## Task
Output the entries below exactly, from the first line to the line holding "Michael Kors Women's Sunglasses with Case", both included.

Short web captions
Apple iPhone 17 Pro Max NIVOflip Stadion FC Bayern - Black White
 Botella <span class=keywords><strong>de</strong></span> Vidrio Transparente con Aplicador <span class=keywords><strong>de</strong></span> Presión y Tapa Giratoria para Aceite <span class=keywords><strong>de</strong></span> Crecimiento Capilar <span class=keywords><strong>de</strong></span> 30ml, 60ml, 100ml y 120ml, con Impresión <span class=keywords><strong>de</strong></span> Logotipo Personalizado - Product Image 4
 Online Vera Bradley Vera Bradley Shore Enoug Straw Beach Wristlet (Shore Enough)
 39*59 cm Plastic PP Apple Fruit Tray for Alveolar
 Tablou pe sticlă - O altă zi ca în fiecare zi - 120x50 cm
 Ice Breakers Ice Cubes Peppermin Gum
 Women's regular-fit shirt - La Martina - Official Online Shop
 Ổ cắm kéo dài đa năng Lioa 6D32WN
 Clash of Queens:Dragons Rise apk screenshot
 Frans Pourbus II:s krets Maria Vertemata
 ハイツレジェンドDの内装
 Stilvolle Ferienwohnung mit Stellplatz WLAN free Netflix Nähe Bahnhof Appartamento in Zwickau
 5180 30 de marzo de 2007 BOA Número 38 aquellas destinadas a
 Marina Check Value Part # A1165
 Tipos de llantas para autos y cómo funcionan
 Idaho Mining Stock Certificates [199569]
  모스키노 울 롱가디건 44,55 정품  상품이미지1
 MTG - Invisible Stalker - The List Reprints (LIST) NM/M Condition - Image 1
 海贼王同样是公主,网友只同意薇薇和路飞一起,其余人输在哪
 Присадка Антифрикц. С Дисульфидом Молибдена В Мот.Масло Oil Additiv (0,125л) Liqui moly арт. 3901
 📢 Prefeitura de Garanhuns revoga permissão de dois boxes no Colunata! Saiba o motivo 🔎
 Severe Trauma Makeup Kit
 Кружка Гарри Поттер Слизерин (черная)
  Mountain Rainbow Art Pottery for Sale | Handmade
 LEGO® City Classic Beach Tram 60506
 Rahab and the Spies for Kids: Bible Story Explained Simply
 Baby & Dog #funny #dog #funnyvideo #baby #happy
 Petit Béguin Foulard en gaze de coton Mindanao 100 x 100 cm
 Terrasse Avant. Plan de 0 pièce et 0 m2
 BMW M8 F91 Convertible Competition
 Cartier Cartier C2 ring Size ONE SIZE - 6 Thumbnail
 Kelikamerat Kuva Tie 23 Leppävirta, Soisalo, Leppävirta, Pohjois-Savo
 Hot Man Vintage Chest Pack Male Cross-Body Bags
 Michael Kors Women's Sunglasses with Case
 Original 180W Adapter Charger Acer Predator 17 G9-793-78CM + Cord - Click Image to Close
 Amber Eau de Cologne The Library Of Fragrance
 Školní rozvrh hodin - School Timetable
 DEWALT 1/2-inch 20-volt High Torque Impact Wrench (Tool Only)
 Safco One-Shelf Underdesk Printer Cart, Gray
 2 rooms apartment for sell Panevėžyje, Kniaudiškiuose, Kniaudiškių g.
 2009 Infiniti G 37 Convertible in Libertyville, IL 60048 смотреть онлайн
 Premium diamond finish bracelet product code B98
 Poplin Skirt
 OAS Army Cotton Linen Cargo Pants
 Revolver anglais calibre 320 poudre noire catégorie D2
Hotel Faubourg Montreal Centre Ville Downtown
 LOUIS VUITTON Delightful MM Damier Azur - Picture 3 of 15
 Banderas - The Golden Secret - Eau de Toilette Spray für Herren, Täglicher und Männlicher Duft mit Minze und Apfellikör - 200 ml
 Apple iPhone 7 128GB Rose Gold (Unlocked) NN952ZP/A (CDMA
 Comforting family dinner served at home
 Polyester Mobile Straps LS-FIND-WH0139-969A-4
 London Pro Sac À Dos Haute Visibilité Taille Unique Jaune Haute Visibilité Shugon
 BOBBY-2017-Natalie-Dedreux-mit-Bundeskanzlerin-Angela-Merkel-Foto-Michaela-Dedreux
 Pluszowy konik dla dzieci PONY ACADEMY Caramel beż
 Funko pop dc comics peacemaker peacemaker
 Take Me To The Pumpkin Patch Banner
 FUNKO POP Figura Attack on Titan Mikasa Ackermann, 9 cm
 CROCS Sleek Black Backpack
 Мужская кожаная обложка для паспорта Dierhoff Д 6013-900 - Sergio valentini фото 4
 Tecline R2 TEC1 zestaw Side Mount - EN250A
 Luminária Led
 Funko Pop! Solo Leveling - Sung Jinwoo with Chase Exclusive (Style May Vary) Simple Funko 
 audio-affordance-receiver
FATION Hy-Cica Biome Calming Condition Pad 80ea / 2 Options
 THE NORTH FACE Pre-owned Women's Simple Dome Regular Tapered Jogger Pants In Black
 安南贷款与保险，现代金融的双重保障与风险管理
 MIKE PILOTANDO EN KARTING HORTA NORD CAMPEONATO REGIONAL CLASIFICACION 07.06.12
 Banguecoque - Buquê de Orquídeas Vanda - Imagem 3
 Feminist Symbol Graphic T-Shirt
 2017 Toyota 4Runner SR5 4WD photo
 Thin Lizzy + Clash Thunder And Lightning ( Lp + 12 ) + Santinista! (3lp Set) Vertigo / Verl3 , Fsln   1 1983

## Output for this task
Apple iPhone 17 Pro Max NIVOflip Stadion FC Bayern - Black White
 Botella <span class=keywords><strong>de</strong></span> Vidrio Transparente con Aplicador <span class=keywords><strong>de</strong></span> Presión y Tapa Giratoria para Aceite <span class=keywords><strong>de</strong></span> Crecimiento Capilar <span class=keywords><strong>de</strong></span> 30ml, 60ml, 100ml y 120ml, con Impresión <span class=keywords><strong>de</strong></span> Logotipo Personalizado - Product Image 4
 Online Vera Bradley Vera Bradley Shore Enoug Straw Beach Wristlet (Shore Enough)
 39*59 cm Plastic PP Apple Fruit Tray for Alveolar
 Tablou pe sticlă - O altă zi ca în fiecare zi - 120x50 cm
 Ice Breakers Ice Cubes Peppermin Gum
 Women's regular-fit shirt - La Martina - Official Online Shop
 Ổ cắm kéo dài đa năng Lioa 6D32WN
 Clash of Queens:Dragons Rise apk screenshot
 Frans Pourbus II:s krets Maria Vertemata
 ハイツレジェンドDの内装
 Stilvolle Ferienwohnung mit Stellplatz WLAN free Netflix Nähe Bahnhof Appartamento in Zwickau
 5180 30 de marzo de 2007 BOA Número 38 aquellas destinadas a
 Marina Check Value Part # A1165
 Tipos de llantas para autos y cómo funcionan
 Idaho Mining Stock Certificates [199569]
  모스키노 울 롱가디건 44,55 정품  상품이미지1
 MTG - Invisible Stalker - The List Reprints (LIST) NM/M Condition - Image 1
 海贼王同样是公主,网友只同意薇薇和路飞一起,其余人输在哪
 Присадка Антифрикц. С Дисульфидом Молибдена В Мот.Масло Oil Additiv (0,125л) Liqui moly арт. 3901
 📢 Prefeitura de Garanhuns revoga permissão de dois boxes no Colunata! Saiba o motivo 🔎
 Severe Trauma Makeup Kit
 Кружка Гарри Поттер Слизерин (черная)
  Mountain Rainbow Art Pottery for Sale | Handmade
 LEGO® City Classic Beach Tram 60506
 Rahab and the Spies for Kids: Bible Story Explained Simply
 Baby & Dog #funny #dog #funnyvideo #baby #happy
 Petit Béguin Foulard en gaze de coton Mindanao 100 x 100 cm
 Terrasse Avant. Plan de 0 pièce et 0 m2
 BMW M8 F91 Convertible Competition
 Cartier Cartier C2 ring Size ONE SIZE - 6 Thumbnail
 Kelikamerat Kuva Tie 23 Leppävirta, Soisalo, Leppävirta, Pohjois-Savo
 Hot Man Vintage Chest Pack Male Cross-Body Bags
 Michael Kors Women's Sunglasses with Case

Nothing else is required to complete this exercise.